The whirlwind carried us downstairs where Venardos Circus put on plate spinning and juggling acts that called The Greatest Showman to mind.
The first maker station my brother and I visited was in Nature World. We made hanging and animal terrariums, which later found a home next to a magnetic hourglass that we keep on a “creative table” in our kitchen. It felt grounding to get our hands dirty with soil, succulents, and rocks.
From there, music seemed to occupy the theme of our experience. We ran into Lu Rubino while he was mixing audio during a friend’s acoustic performance. He has such a calming effect on people and is such a gracious presence.
Just around the corner from the covered stage where we found Lu were Nolan Baker and Matthew Kirkland of Salt & Pine. If you keep up with my blog, you’re probably starting to grasp why this event felt like a dream in which all the people you know in real life make appearances. Salt & Pine did a performance a few hours before we ran into each other. My brother has heard me discuss them quite a bit, so it was nice to introduce him.

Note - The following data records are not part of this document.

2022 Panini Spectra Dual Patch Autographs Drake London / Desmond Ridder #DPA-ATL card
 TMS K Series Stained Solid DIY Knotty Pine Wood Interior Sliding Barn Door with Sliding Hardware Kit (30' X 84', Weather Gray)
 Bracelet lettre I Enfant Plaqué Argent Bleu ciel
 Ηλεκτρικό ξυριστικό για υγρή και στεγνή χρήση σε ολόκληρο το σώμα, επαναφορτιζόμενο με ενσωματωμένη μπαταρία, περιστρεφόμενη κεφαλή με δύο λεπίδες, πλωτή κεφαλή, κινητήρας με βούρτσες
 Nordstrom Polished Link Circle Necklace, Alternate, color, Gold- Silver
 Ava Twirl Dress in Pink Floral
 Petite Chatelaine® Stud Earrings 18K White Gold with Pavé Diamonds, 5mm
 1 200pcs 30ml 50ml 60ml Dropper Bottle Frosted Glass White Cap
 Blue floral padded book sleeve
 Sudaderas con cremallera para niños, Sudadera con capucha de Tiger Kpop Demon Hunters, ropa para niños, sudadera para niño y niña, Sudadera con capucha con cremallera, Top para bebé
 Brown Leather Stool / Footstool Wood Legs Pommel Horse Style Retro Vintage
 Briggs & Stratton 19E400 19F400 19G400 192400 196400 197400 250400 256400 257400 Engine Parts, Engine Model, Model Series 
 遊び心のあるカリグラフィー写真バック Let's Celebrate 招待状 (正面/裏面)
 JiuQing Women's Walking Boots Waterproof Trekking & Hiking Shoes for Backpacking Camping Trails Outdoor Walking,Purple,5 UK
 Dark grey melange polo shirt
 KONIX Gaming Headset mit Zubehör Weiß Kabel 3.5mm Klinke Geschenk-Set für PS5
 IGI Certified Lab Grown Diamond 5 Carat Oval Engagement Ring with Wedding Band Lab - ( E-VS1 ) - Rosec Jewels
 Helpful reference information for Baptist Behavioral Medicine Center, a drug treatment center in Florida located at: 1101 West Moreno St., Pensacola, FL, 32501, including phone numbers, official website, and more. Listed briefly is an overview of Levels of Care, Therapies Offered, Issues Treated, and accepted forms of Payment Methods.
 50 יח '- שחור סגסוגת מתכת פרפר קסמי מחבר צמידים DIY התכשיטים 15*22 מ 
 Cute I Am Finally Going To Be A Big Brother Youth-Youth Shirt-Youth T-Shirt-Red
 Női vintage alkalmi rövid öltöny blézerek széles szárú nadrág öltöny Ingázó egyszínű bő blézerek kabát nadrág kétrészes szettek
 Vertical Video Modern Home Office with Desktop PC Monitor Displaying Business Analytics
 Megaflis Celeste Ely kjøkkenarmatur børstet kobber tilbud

I enjoy experiences that remind us that there is a great deal of common ground among mankind. In line with that, an ingenious work of public art was set up behind the amphitheater’s main stage. The exhibit’s description read,
Help us discover what shapes the people of St. Augustine and all the threads that connect us by taking part in the creation of this public art. To participate, choose one or more of these colored threads to answer the questions above by connecting relevant words together. Through this visual language, you can share your feelings, influences, thoughts, and inspirations, which made you the person that you are today.
Isn’t that beautiful?
A few steps from the above exhibit stood Dawn Langton of Langton’s Scarves & Sundries. She’s one of my fellow Go Headquarters athletes. She has salvaged garments and fabrics during her travels and thrifting, transforming them into unique scarves. Each garment has a layered story to tell, sometimes involving the thousands of miles they have traveled. Be sure to check her work out at langtonscarves.com .
When I interviewed the co-chairs of Makersfest for St. Augustine Social, Kate Gardiner mentioned the ever popular button making station and the satisfaction that comes from clamping down the button press while customizing designs. The day’s currency were pre-purchased sheets of perforated tickets. My last three were spent on customized buttons/pins: one of an observatory under a waxing moon, one of a mountainscape with fall foliage in the foreground, and one of an old military barracks here in St. Augustine. I think I’ll interchangeably pin them to the satchel I can’t seem to part with regardless of where I’m going.
Between that satchel, my Patagonia shirt, and Birkenstock’s...I’d say my transformation into a Canadian soccer dad is almost complete, lol. Did I mention I drive a Subaru?
What follows appeared in St. Augustine Social’s Dec/Jan Issue:
Do you know someone with a side hustle? These days, more and more of us need them just to keep up with basic expenses. For St. Augustinians at large, these supplemental income streams are born of artistic passion and a love of handiwork.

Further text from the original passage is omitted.